Looking at the analytics for this blog, I can see I'm not the only one who's had the problem. It's certainly not the number one issue that people are searching for when they get here but there have been a few and the thought occurred that the packet processing engine I wrote for dechap would be really good for this task - it already stripped back VLANs and MPLS, plus it knows how to detect PPPoE and L2TP.
After a couple of hours it was working to the point of being able to strip VLANs and MPLS off, with a little more effort PPPoE also gave way. GRE came quite easily, too, as it has simple headers and uses the same etypes as Ethernet.
Anyway, here is "stripe" (from STRIP Encapsulation), a command line tool which takes a pcap file as input, re-assembles IP fragments and strips off all the encap it can (currently VLAN tags, MPLS shim headers, PPPoE, L2TP, GRE GTP and VXLAN) then outputs another pcap containing just payload over Ethernet.
**UPDATE** - Version 0.3b now adds support for VXLAN.
Stripe is available from my github: https://github.com/theclam/stripe
The command line is pretty straightforward, as shown in the online help:
Harrys-MacBook-Air:stripe foeh$ ./stripe
stripe: a utility to remove VLAN tags, MPLS shims, PPPoE, L2TP headers,
etc. from the frames in a PCAP file and return untagged IP over Ethernet.
Version v0.1 alpha, November 2014
./stripe -r inputcapfile -w outputcapfile
outputcapfile is the file where the decapsulated IP will be saved
Simply specify the files you want to read encapsulated packets from (-r) and write the cleaned up packets to (-w).
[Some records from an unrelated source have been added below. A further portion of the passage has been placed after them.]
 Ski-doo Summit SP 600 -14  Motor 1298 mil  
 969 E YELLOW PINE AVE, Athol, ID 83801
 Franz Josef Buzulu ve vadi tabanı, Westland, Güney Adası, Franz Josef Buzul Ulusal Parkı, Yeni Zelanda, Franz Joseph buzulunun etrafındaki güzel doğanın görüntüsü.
Stripe will remove as many layers of encap as it can until you are left with straight payload over Ethernet.
How it Works
The majority of stripe's work is done by the "decap" function. This function takes in a block of memory, a length parameter, a data type hint and a frame template. The process runs as follows:
- If the type is Ethernet, populate the source / destination MACs of the frame template
- If the type has an Ethertype or protocol type field, use this to populate the ethertype of the frame template
- If the next protocol is possibly or definitely payload, set the payload pointer of the frame template to the address of the next protocol and return
- If the next protocol is possibly or definitely encapsulation, call decap against the remainder of the packet
So essentially it eats up encap, recording MACs and protocol types as it goes, until there is no more encap left. By the end there is a fully populated frame template with source and destination MAC (the innermost copy if there are multiple as in the case of MPLS pseudowires), the etherype of the payload and the payload itself. Piecing these together gives a minimally encapsulated frame, i.e. one with just an Ethernet header and payload.
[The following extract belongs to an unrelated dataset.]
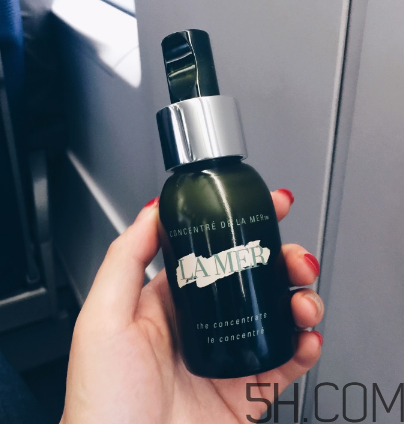 海藍之謎濃縮修護精華露怎么用？使用方法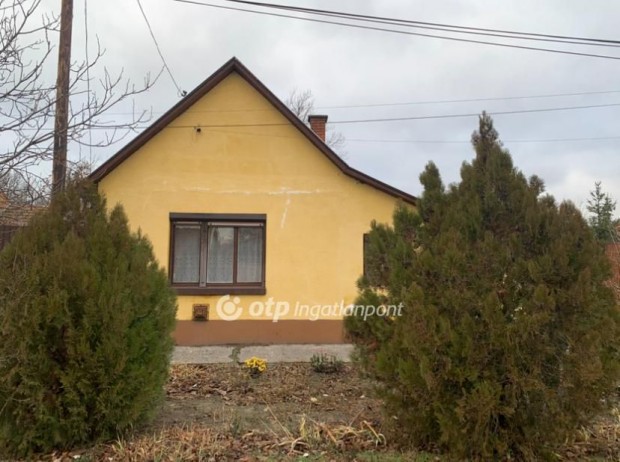 75 nm-es h�z elad� Cegl�d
Here is a worked example for a frame with VLAN, MPLS, GRE over IP and an IP payload:
Step 1 - The "decap" function is called on the entire frame. Since the first header is Ethernet, the frame template gets populated with the source / destination MACs and the etype from the Ethernet header. The frame template's length field gets populated with the size of the frame minus the Ethernet header and the payload pointer is adjusted to point at the next header. The decap function then calls itself on the remainder of the frame, hinting that the type is VLAN tag based on the current header's etype.
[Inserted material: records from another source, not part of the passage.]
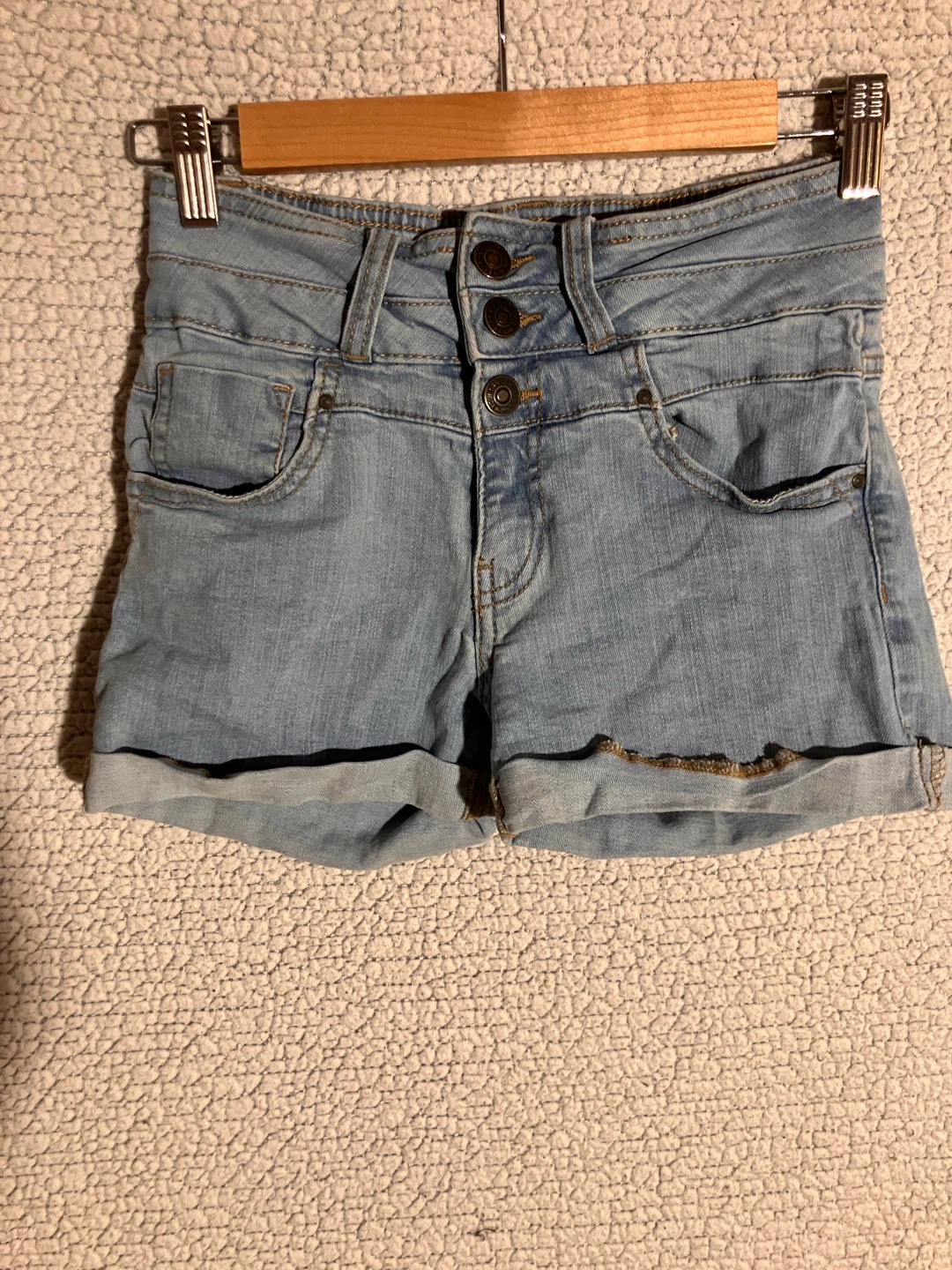 Eighty Two Arlene Shortie Denim Shorts Size 03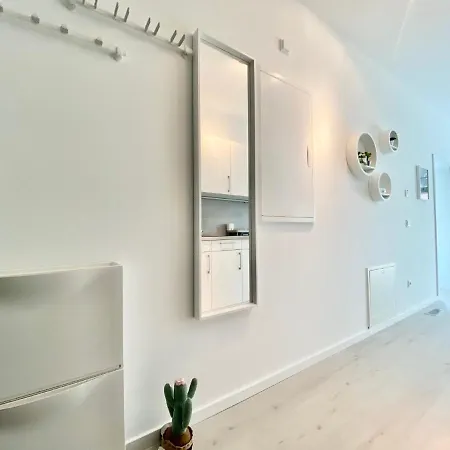 Modernes Apartment, Terrasse Und Garten Am Lilienthalpark Im Suedwesten Berlins * Berlin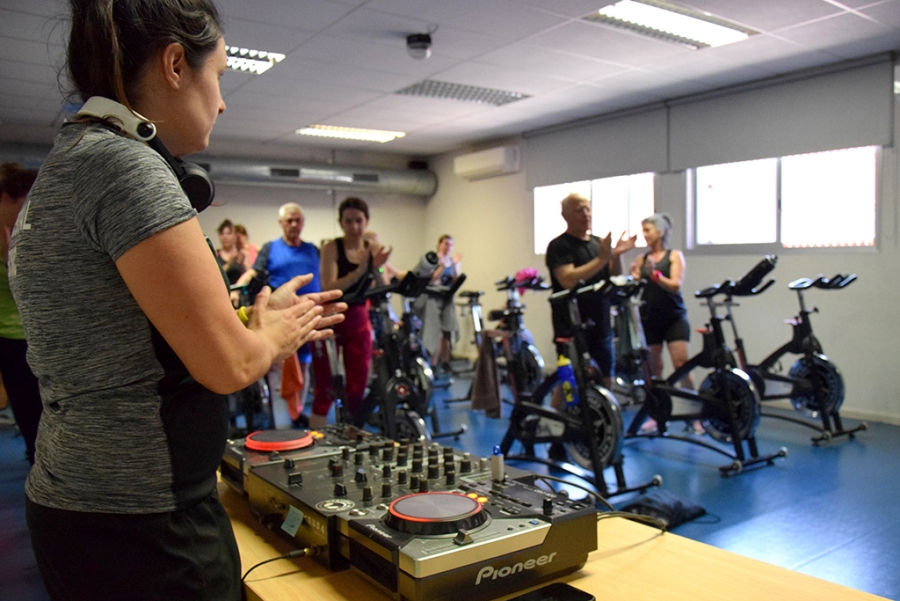 Sessió de ciclisme indoor amb la DJ Sarita.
Step 2 - The decap function now considers the partial frame starting at the VLAN tag. Since the VLAN tag has an etype associated, the frame template's etype is overwritten with the one from the VLAN header. The length is overwritten with the length of the payload after the VLAN header and the pointer adjusted to point at the next header. The decap function then calls itself again with a hint of MPLS, based on the etype in the VLAN header.
Step 3 - The decap function now considers the partial frame starting at the MPLS label. Since the MPLS label is bottom of stack, we know there are no more MPLS labels left . Unfortunately there is no protocol type in an MPLS header (these are signaled on the control plane) so we have to take a peek at the byte immediately following the label. If we find a "4" or a "6" in the high order nibble then we have to guess that the next protocol is IPv4 or IPv6, respectively. If the following four bytes are all zeroes then we assume Ethernet over MPLS with control word, otherwise we assume Ethernet over MPLS without control word. In this case we find a 4 in the low nibble, so call decap with an "IP" hint.
Step 4 - The IP header tells us that GRE is the next protocol so for now nothing changes in the frame template (the remainder could be decodable or not). We just call decap again on the GRE part...
Step 5 - The GRE header is decoded and the etype is copied into the frame header. The length of the remaining payload is updated in the frame template and the pointer is adjusted. Decap is called on the next header, which is IP. When the decap function inspects the IP payload it can go no further and just returns the frame template.
In essence, the process has started with a deeply encapsulated frame and ended with IP over Ethernet. The source and destination MACs are taken from the innermost ones found (which in this case is the outermost Ethernet header) but with the etype changed to match the payload, which is the first non-encapsulating payload found in the frame, in this case the second IP.